The I-9 form means trimmers are paid per pound and have to pay taxes at the end of the year, when they claim their revenue. An I-9 is typically more appetizing to experienced trimmers who work quickly.

“Some people can make $400 to $500 a day if they trim 3 to 4 pounds,” Kirk said. “You can still trim that 3 to 4 pounds in a day in recreational, but you may only get paid 12 dollars an hour.”

After recreational marijuana changed the industry in Oregon, Kirk began working for a local contract company that connects trimmers with dispensaries and grow operations that need help during harvest season.

Through the contracting company Kirk would get connected with growers to trim for large dispensaries. Sometimes contracts would take weeks and other times just a day.

In this new age of legalization, smelling like marijuana may be more indicative of a hard days work than a relaxing day at home.

“I remember getting done trimming one day and I got pulled over for having one headlight out, and I told the officer immediately, ‘I’m gonna smell like cannabis,’” Kirk laughed. “But he was very sweet because I had my permit and everything.”

Today, Kirk gets the best of both worlds at SugarTop Buddery with hourly wages and consistent work, but also the bonus of trimming SugarTop’s buds come harvest season.

“I think that recreational has made trimming not what it used to be,” Kirk says. “It allows [trimmers] to get into a different industry and have a stable income and I think it’s important to have stability.”

Kirk doesn’t plan on trimming for the rest of her life.
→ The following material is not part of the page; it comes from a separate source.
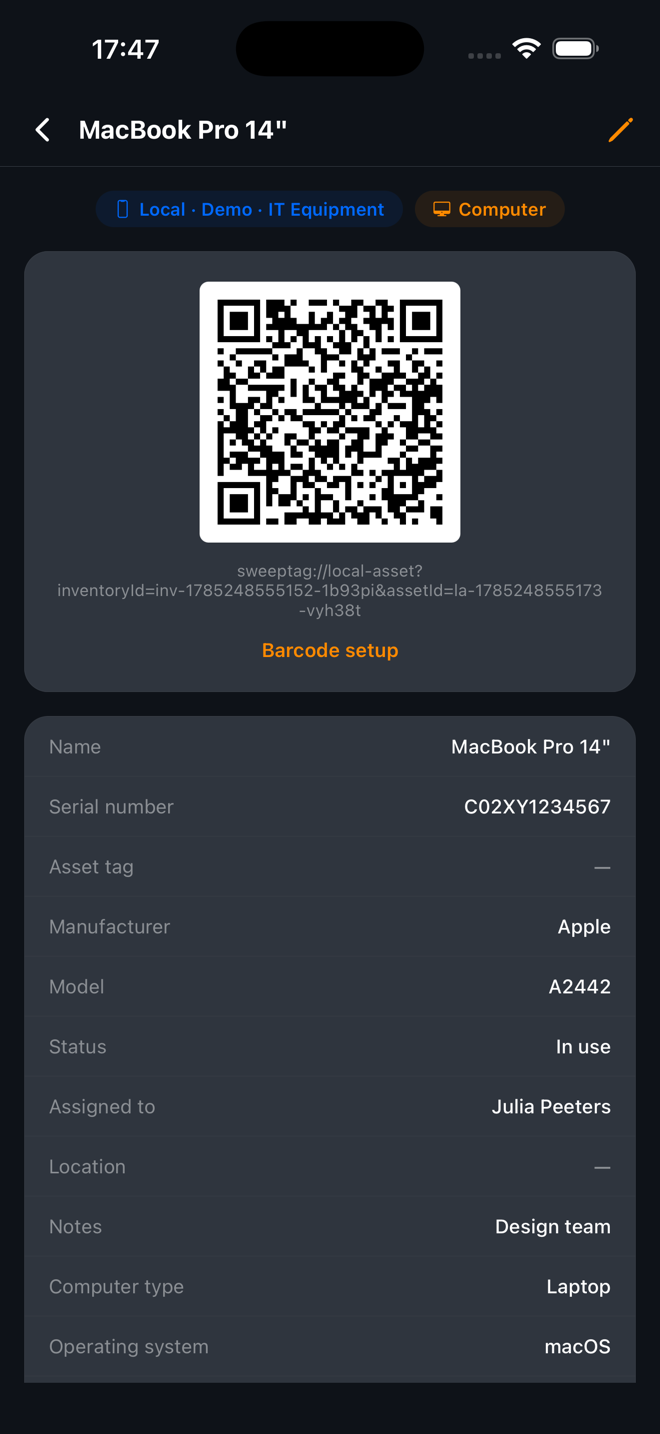SweepTag asset detail for a MacBook Pro with its QR code and fields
In the future, she wants to be a medical consultant for marijuana and other herbs in order to bridge the gap between herbs and medicine.

Her passion for other herbs has brought her to volunteer as an Herbalist at Occupy Medical on Sundays.

According to Kirk, trimming was her way to support herself during school, learn more about the plant and enter the industry. A plan that may resonate with many people interested in entering the budding and competitive marijuana industry in Oregon today.

For now, Kirk will keep sifting, jiggling, massaging, tapping and twisting her joints at SugarTop Buddery.